Pictures must be kept out of the copy. Every entry is to be duplicated exactly.

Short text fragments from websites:
Start of Block
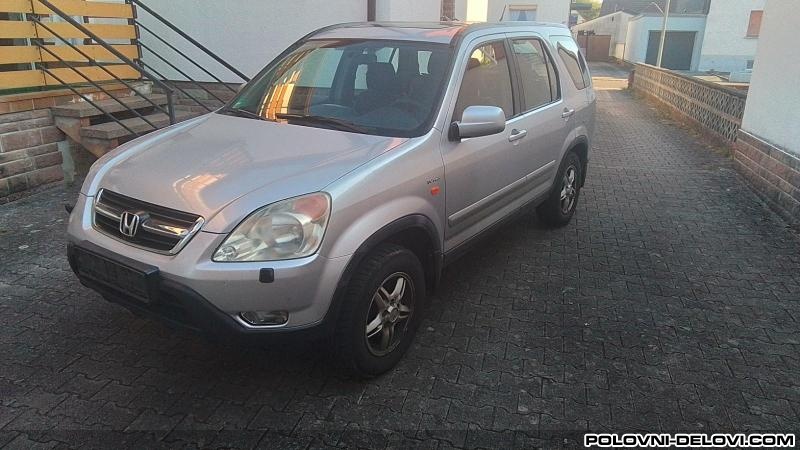 Honda  CR-V 2.2 Kompletan Auto U Delovima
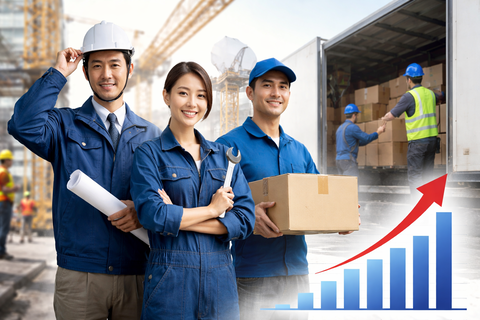 【唖然】】衝撃すぎる…年収の勝ち組、いつの間にか“あの層”に入れ替わっていた件ｗｗｗ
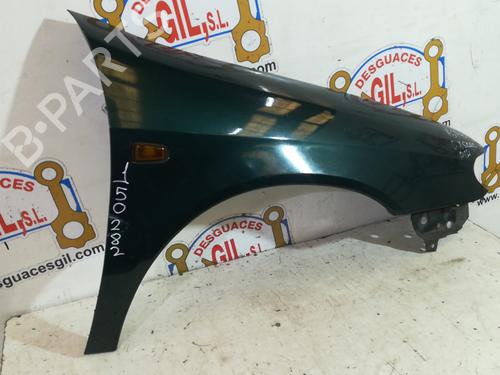 Right front fenders CITROËN XSARA Coupe (N0) 1.9 D | BP20754654C42 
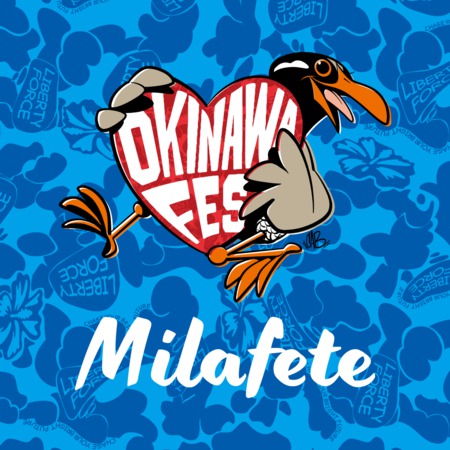 OKINAWA FES Milafete HOKKAIDO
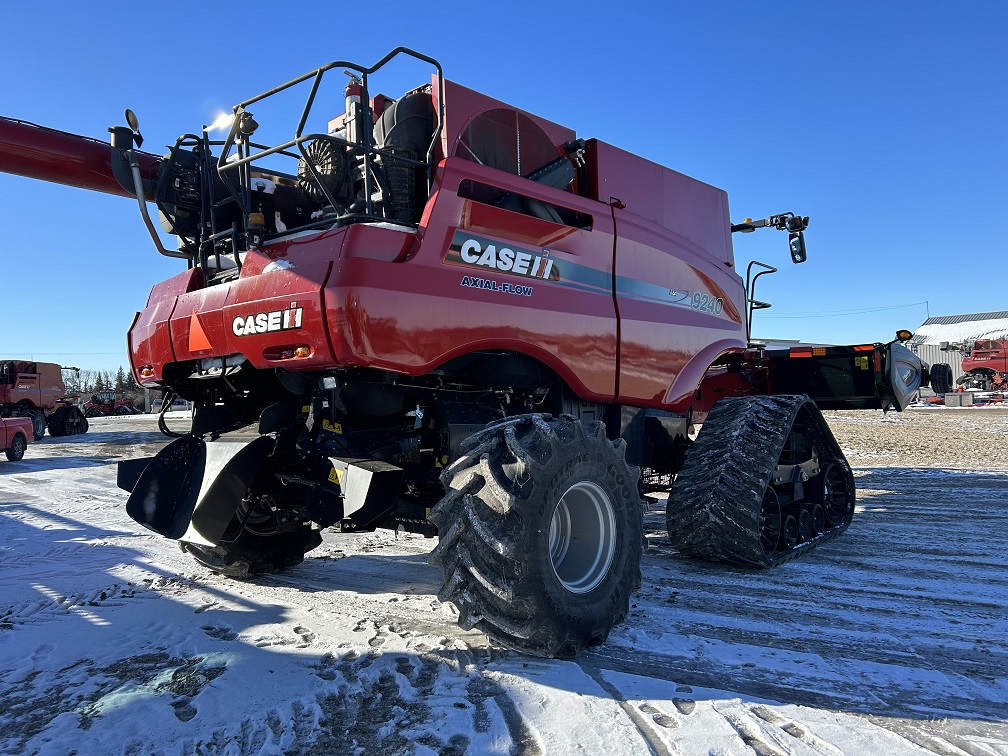 2018 Case IH 9240 Combine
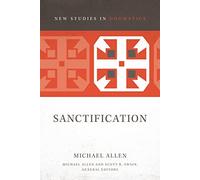 Sanctification (2)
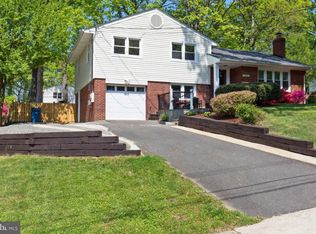 7508 Havelock St, Springfield, VA 22150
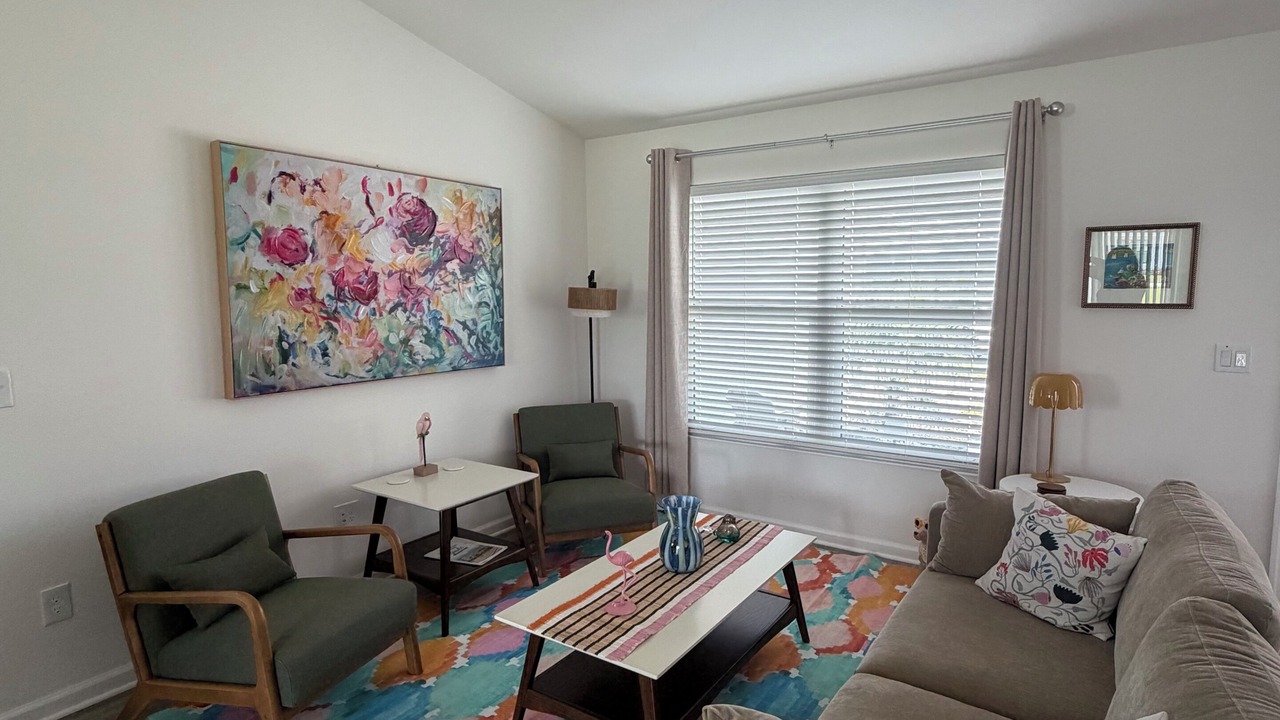 Photo of Livingroom in Sumter County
End of Block
» **TASK SOLUTION**:
 Honda  CR-V 2.2 Kompletan Auto U Delovima
 【唖然】】衝撃すぎる…年収の勝ち組、いつの間にか“あの層”に入れ替わっていた件ｗｗｗ
 Right front fenders CITROËN XSARA Coupe (N0) 1.9 D | BP20754654C42 
 OKINAWA FES Milafete HOKKAIDO
 2018 Case IH 9240 Combine
 Sanctification (2)
 7508 Havelock St, Springfield, VA 22150
 Photo of Livingroom in Sumter County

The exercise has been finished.